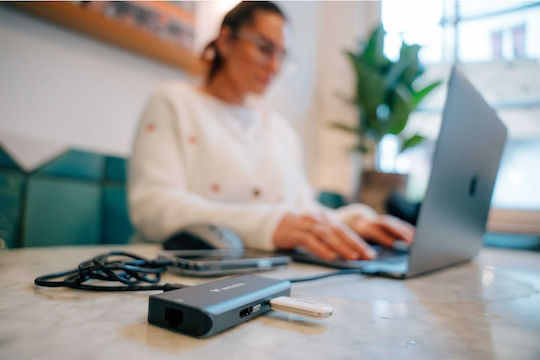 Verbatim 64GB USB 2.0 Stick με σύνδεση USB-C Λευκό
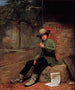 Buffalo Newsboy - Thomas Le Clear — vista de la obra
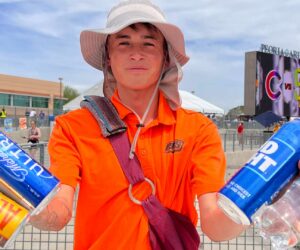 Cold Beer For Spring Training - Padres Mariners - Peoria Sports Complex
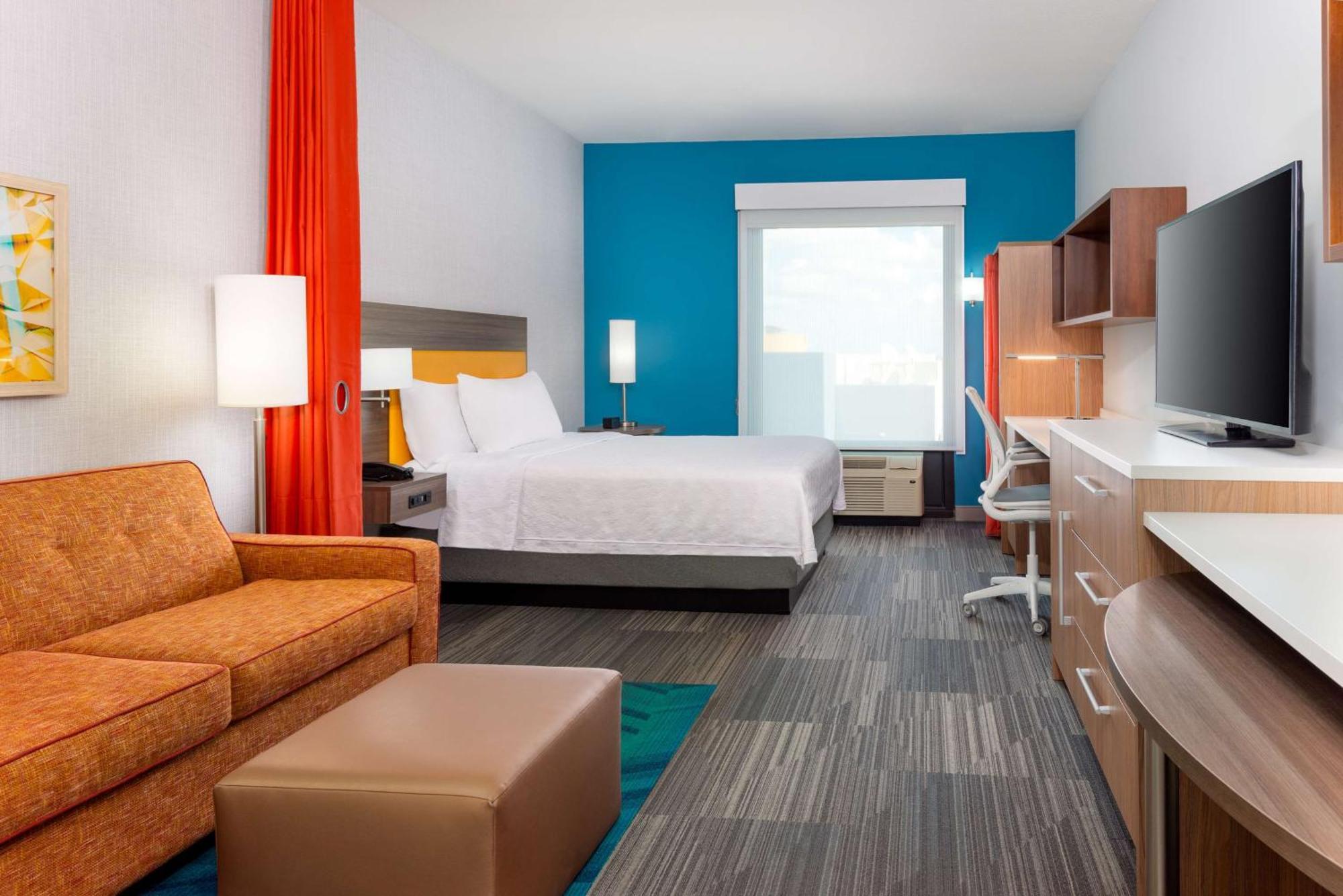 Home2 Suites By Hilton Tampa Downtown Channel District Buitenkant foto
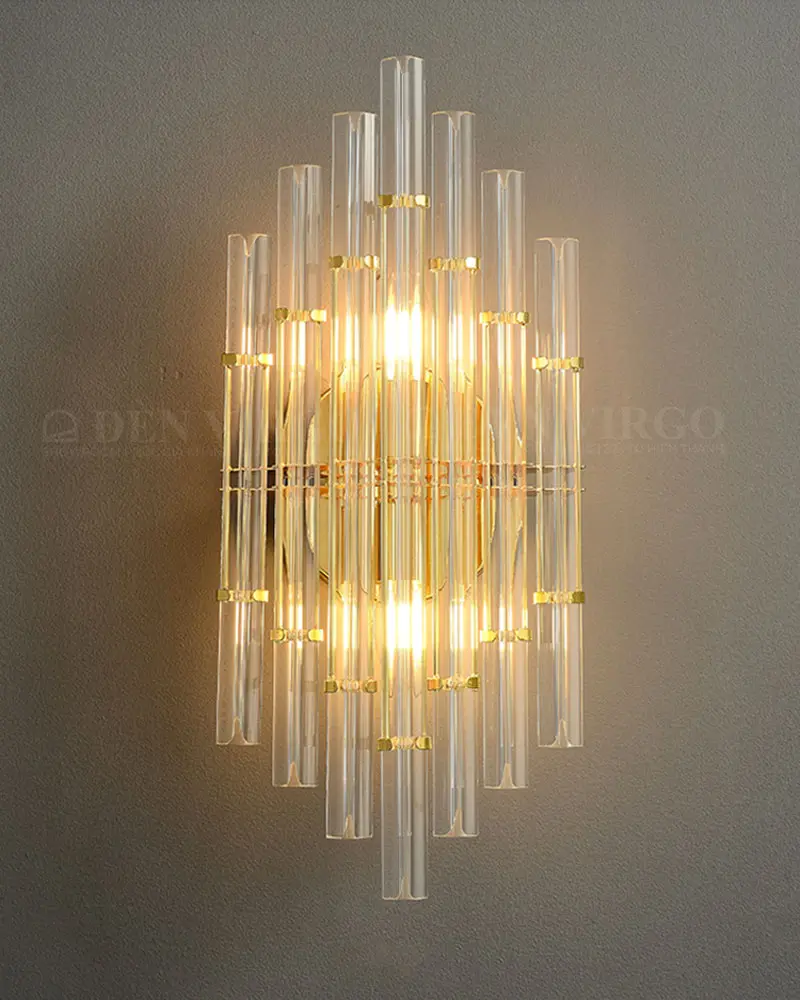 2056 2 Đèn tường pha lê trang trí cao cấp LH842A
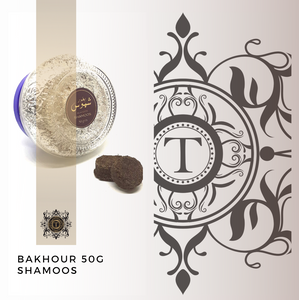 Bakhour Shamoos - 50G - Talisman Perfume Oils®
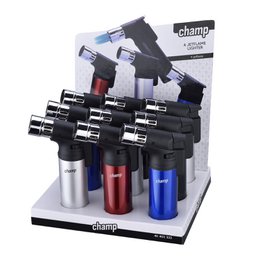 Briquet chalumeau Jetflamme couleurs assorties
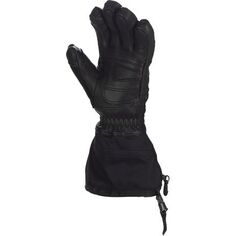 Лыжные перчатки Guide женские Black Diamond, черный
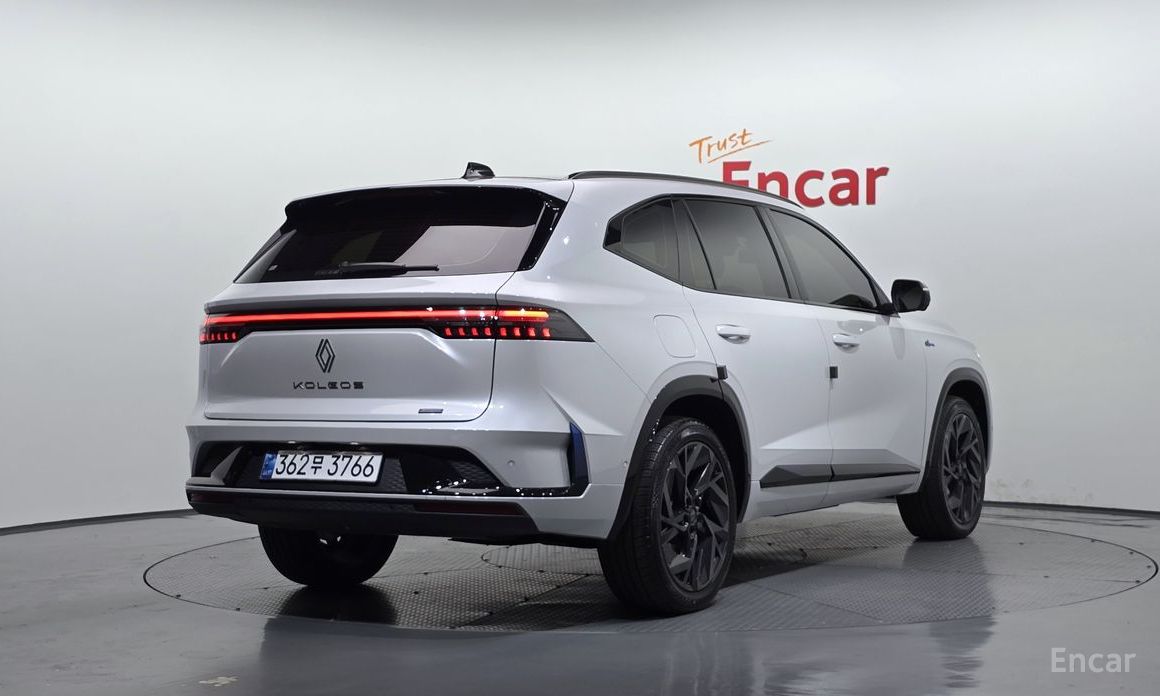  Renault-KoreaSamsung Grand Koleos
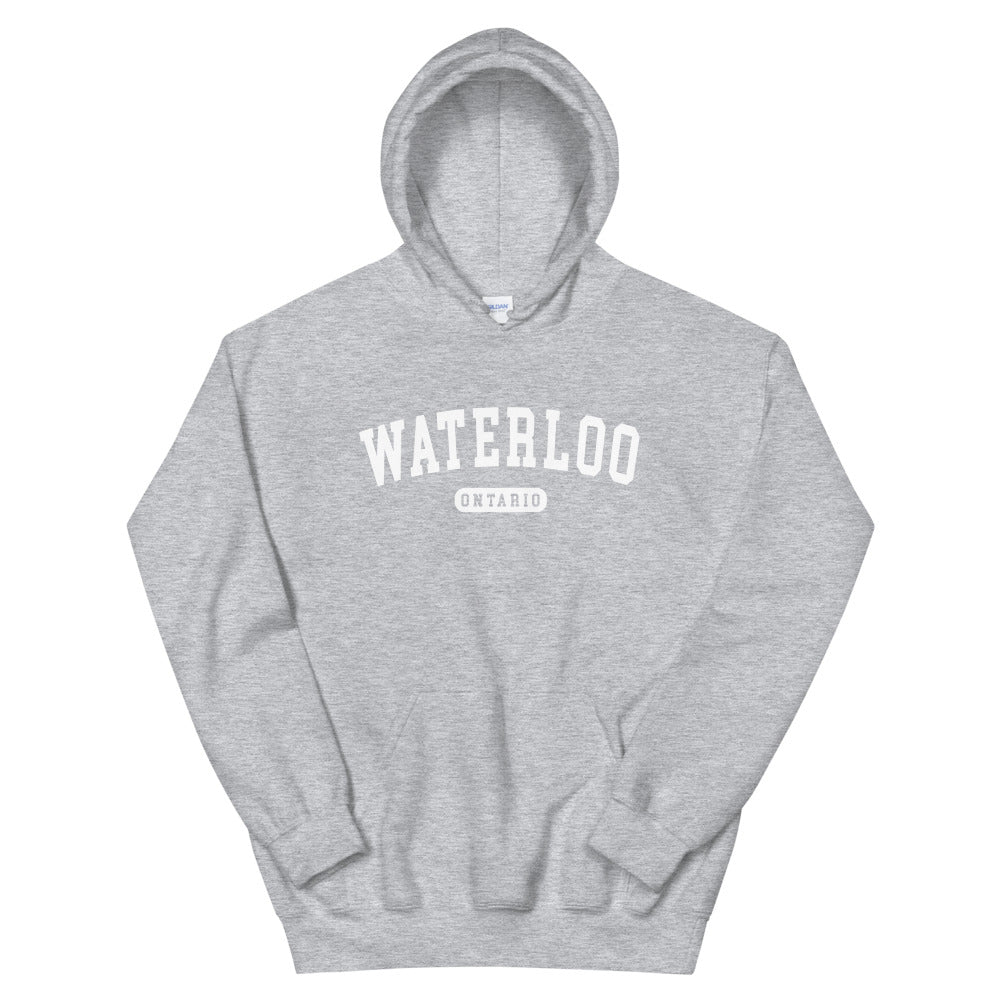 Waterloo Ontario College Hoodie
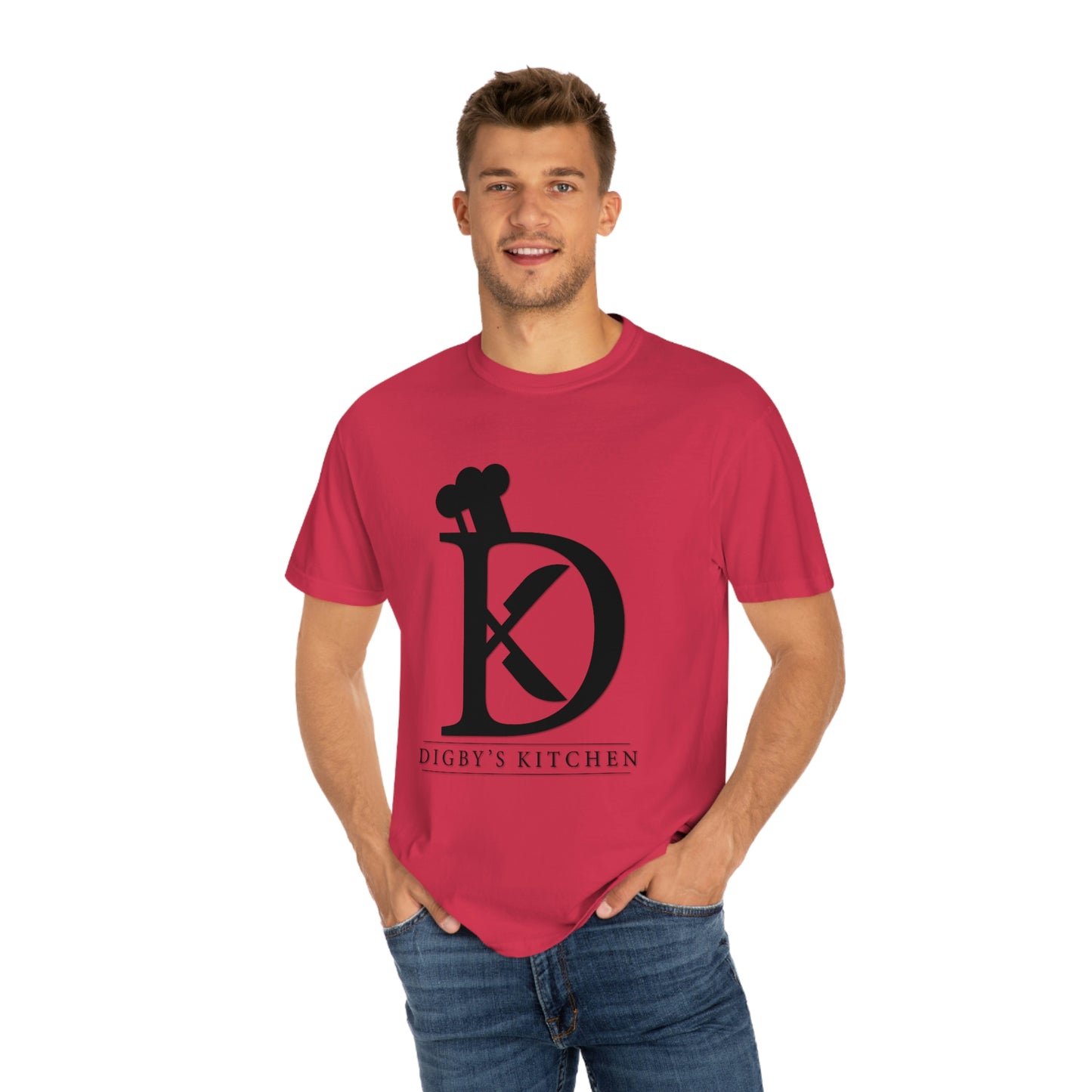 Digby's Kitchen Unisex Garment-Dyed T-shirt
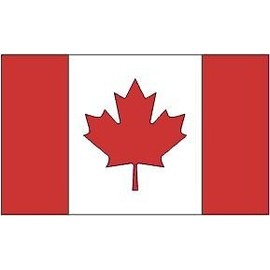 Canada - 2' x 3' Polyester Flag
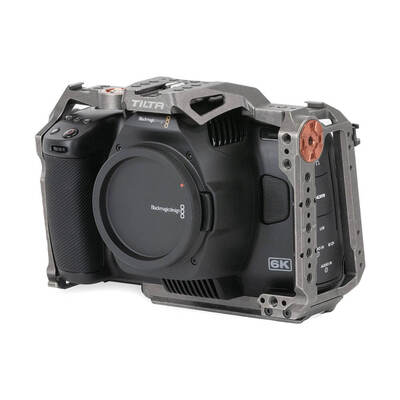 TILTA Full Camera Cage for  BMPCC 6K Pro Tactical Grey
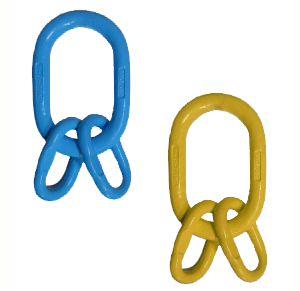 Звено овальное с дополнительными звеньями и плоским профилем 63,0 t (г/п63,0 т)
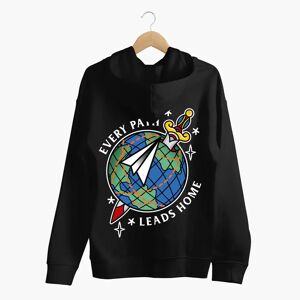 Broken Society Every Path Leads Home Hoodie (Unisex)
——
WORK TASK: Where the line containing "Digby's Kitchen Unisex Garment-Dyed T-shirt" appears above, start there and set down each line exactly through the last line of the data; leave out every picture.

TASK RESPONSE:
 Digby's Kitchen Unisex Garment-Dyed T-shirt
 Canada - 2' x 3' Polyester Flag
 TILTA Full Camera Cage for  BMPCC 6K Pro Tactical Grey
 Звено овальное с дополнительными звеньями и плоским профилем 63,0 t (г/п63,0 т)
 Broken Society Every Path Leads Home Hoodie (Unisex)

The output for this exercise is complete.